A colleague of mine mentioned that it could be to do with the not in. This would scan all (1.3 million) rows in the table which could take a while even when using the index. Some further investigation discovered that this was not the case as all 3 versions of the insert ran equally as slow – with and without the not in!

I then spent some time trying to find another part of the system inserting into this somewhat populated table and checked to see how it ran expecting equally dogged performance, but this was not the case.
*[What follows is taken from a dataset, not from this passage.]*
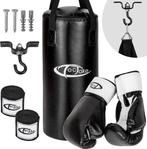 2dekans | tectake® - Bokszak met handschoenen - complete set, Ophalen of Verzenden, Nieuw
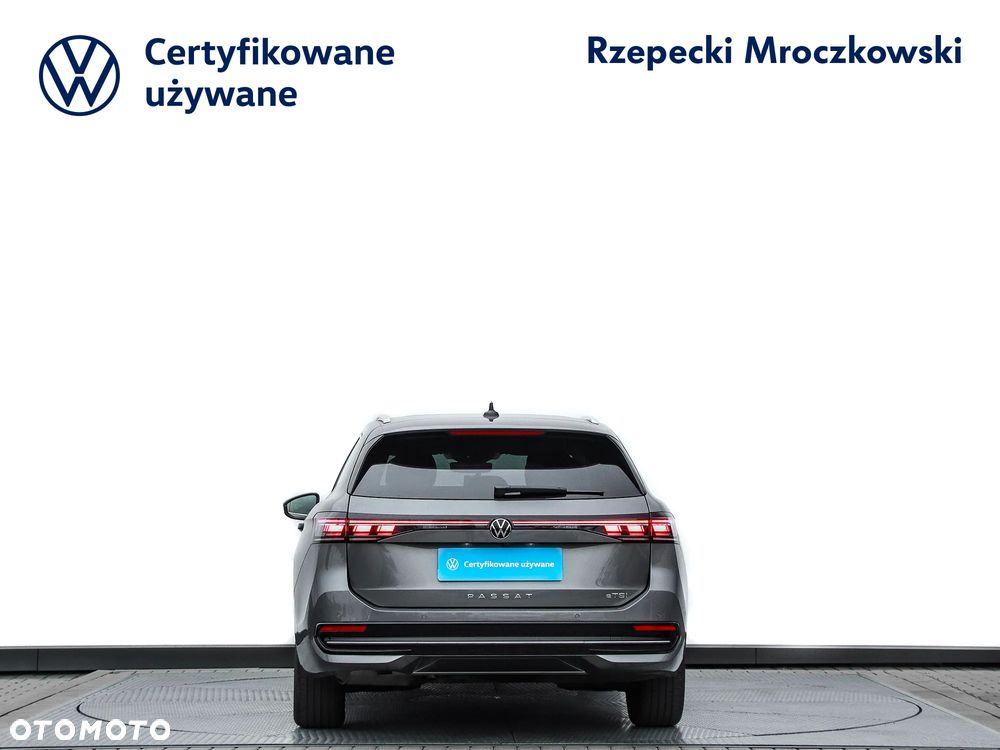 Volkswagen Passat Variant 1.5 TSI EVO Elegance DSG - 6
The code was similar to that below:

insert into exampleTbl
(guid)
values
(’some guid’)

update exampleTbl
set a = ‘1′, b = ‘hello’, c = ‘dave’ — ..etc…
where guid = ’some guid’

This code generated the guid in the C# inserted it and then updated that row with the rest of the data.

So as this alternate method was running fast it and meant my issue was either to do with the large number of parameters (20-ish) being used during the insert or the use of the select. The former seemed too common to cause such a huge issue even with 1.3 million rows in the table; it must be the select. However I had already found that the select was executing near instantaneously outside of the insert and was very sceptical that creating a table variable would fix the issue. Surely MS SQL was running it just the same inside as out so the issue must lie with the overpopulated insert. But I had to test it as this was all really guess work with no numbers to back it up. So I added the table variable and SHAZAM it worked near instantly! >30 seconds down to <200 milliseconds. WIN! + confusion.

All I can say is that I will never be using a select in an insert statement without first performing any work on a table variable so that it only has what it needs and inserts that. This raises the question of what the query optimiser is doing when it encounters an insert with a select? Surely it can’t be too crazy to ask for a select in an insert to run just as fast outside of it?! Either way it was a fun 2 hour debugging session and I’m glad I got to the bottom of it… eventually.